“E raccontano un personaggio che è costantemente dominato da influssi misteriosi che ne guidano gli incontri e la creatività stessa, quasi che una inconsapevolezza di fondo lo dominasse e lo rendesse contemporaneamente grande e ingenuo. Il Caravaggio è sempre sopraffatto da ciò che si trova di fronte, ma poi se ne impossessa avidamente.” (Claudio Strinati in Milo Manara “Caravaggio. La tavolozza e la spada”, edizioni Panini 9L)
Non vi è storia di un’appassionata o di un appassionato di arte che non abbia previsto almeno un pellegrinaggio verso un luogo in cui le opere di Caravaggio sono conservate. Molto spesso in una gita, anche breve, una tappa, una deviazione, un giro lungo, Caravaggio è ancora una divinità vivente e le sue opere sono ancora considerate alla stregua di miracoli, che come tali sono l’unico segno tangibile di un’entità superiore.
Fiumi di inchiostro, tonnellate di libri, film e documentari hanno provato a raccontare le gesta in cui l’arte e la vita si fondono in un unico epos. Ci prova anche il teatro, ancora una volta.

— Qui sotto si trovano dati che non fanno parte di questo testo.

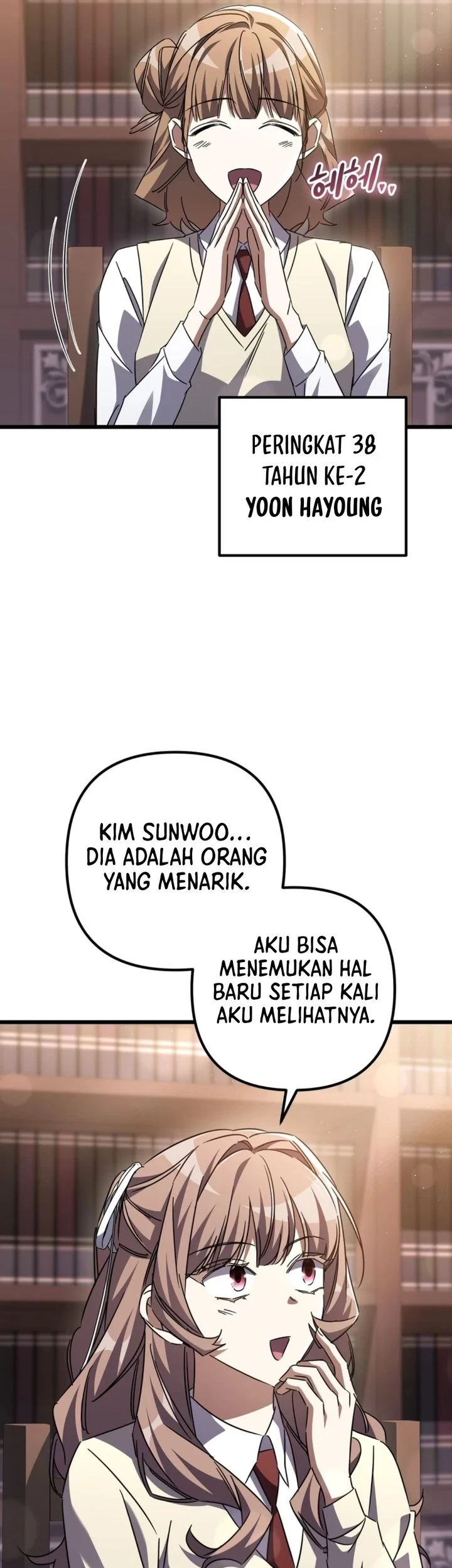 Chapter 50 - halaman 6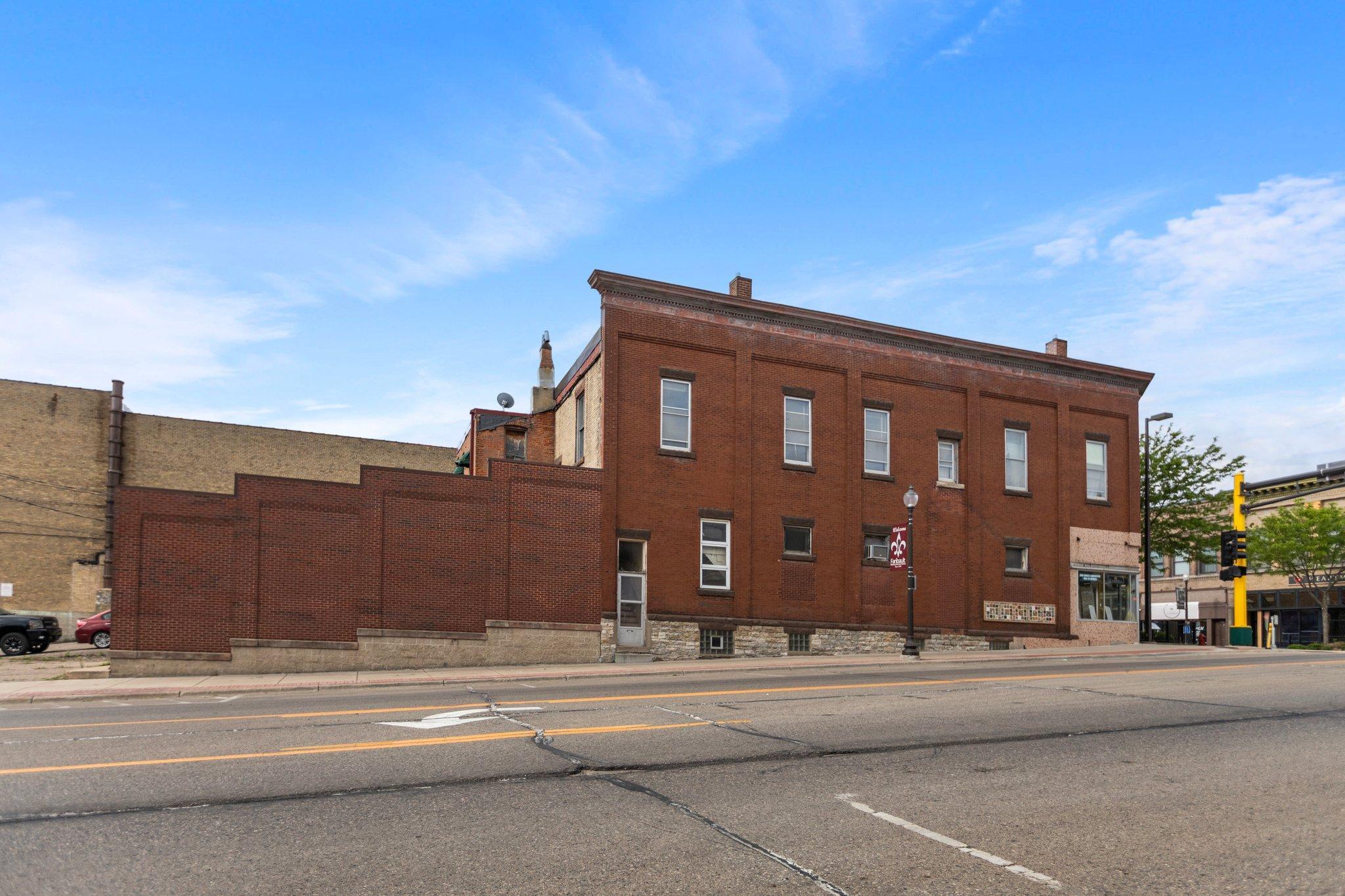 Commercial Sale in Faribault 5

“Caravaggio. Di chiaro e di oscuro” è una produzione “Mesagne Capitale della Cultura 2023 – Umana Meraviglia”, “Compagnia Inti di Luigi D’Elia”, “Le tre corde – Compagnia Vetrano/Randisi”, “Teatri di Bari”, con il sostegno di Teatro Cristallo e Passo Nord centro regionale residenze di montagna Trentino Alto Adige Südtirol sostenuto da MiC – DG Spettacolo, Provincia autonoma di Trento e Provincia Autonoma di Bolzano. In scena Luigi D’Elia, in uno spettacolo scritto con Francesco Niccolini con la regia di Enzo Vetrano e Stefano Randisi e il disegno luci di Francesco Dignitoso. È compito del Teatro Kismet di Bari ospitare il debutto nazionale della pièce, che fa parte del cartellone “Bagliori” 2023/2024 a cura di Teresa Ludovico.
La scena riassume gli stilemi di Caravaggio: di cappa (senza spada), di camicie sfatte e di drappi rossi, un composé nelle cui pieghe lo stesso Merisi, o una sua creatura, sembra essersi appena dissolta. D’Elia, in un monologo di un’ora, ripercorre tutte le emozioni di una vita bruciata velocemente, spenta sotto la brace per secoli, ma la cui fiamma, come quella di ogni artista troppo geniale per consumare la propria fama al di qua del tempo mortale, si è riaccesa più e più volte, malgrado la damnatio della maniera, e delle buone maniere.
La drammatizzazione è molto intensa, come denso è il testo. Sullo sfondo del racconto, dapprima una Roma in cui il laido pervade ogni strato, dalla corte papale ai postriboli, senza soluzioni di continuità. Poi una Napoli effervescente e rutilante, un’atmosfera artistica laica, ma non meno promettente dei grandi mezzi della Fabbrica di San Pietro e di tutto ciò che la circonda. Ancora, una Malta che è un buen retiro, troppo tranquillo. Infine, un’Italia, e ancora Roma, che resterà però una terra promessa e negata.
È praticamente impossibile comprimere tutta una vita in un’ora di monologo, perché la biografia inizierà a tirare di spada contro l’attore e contro il pubblico come il suo protagonista. Probabilmente nella vis maschia della locandina è stato silenziato il soffio vitale femminile, per illuminare della grazia divina, come Caravaggio simboleggiava, le oscure figure del racconto. Spesso appellate come “prostitute” o peggio, in forma sinonimica, in realtà la storia dell’arte parla di preziose alleate, anche nelle ragazze di vita, di artiste (non solo della figlia il cui papà è Orazio Gentileschi), di una scena creativa vivace, specialmente in una Napoli paragonabile alla Factory di New York.
L’oscuro è un vecchio amico di chi apprezza il suono del silenzio: lo cantano anche Paul Simon e Art Garfunkel.